A distribuição de lucros em valores diferentes entre os sócios é permitida pela legislação, mas deve seguir algumas regras para evitar questionamentos fiscais. Esse entendimento vem sendo reforçado por decisões do Conselho Administrativo de Recursos Fiscais (CARF) e do Poder Judiciário.

Segundo o CARF, o contrato social pode prever diretamente como será feita a divisão dos lucros ou autorizar que essa definição seja realizada em reunião ou assembleia de sócios. Nesses casos, é fundamental que a ata da deliberação seja registrada na Junta Comercial ou no Cartório de Registro Civil de Pessoas Jurídicas, garantindo validade perante terceiros, inclusive o Fisco.

Além disso, a distribuição deve estar baseada em uma contabilidade regular e em lucros efetivamente apurados.
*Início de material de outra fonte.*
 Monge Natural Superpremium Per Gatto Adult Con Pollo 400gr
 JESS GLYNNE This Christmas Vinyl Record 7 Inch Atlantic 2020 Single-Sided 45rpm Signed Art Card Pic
A ausência de documentação ou de critérios objetivos pode levar à reclassificação dos valores como pró-labore, gerando cobrança de Imposto de Renda e contribuições previdenciárias.

Outro ponto de atenção é que, quando a distribuição desproporcional não possui justificativa empresarial, ela pode ser interpretada como uma doação disfarçada entre sócios, sujeitando a operação à cobrança do ITCMD e de outras penalidades.

O entendimento reforça a importância de um planejamento societário adequado, com regras claras no contrato social, registros formais e documentação que demonstre os motivos da distribuição diferenciada dos lucros.

Fonte: Conselho Administrativo de Recursos Fiscais (CARF) – Acórdãos nº 9202-011.066 e nº 1101-001.962; Tribunal de Justiça de São Paulo (TJSP) – Apelação nº 1089011-58.2023.8.26.0053.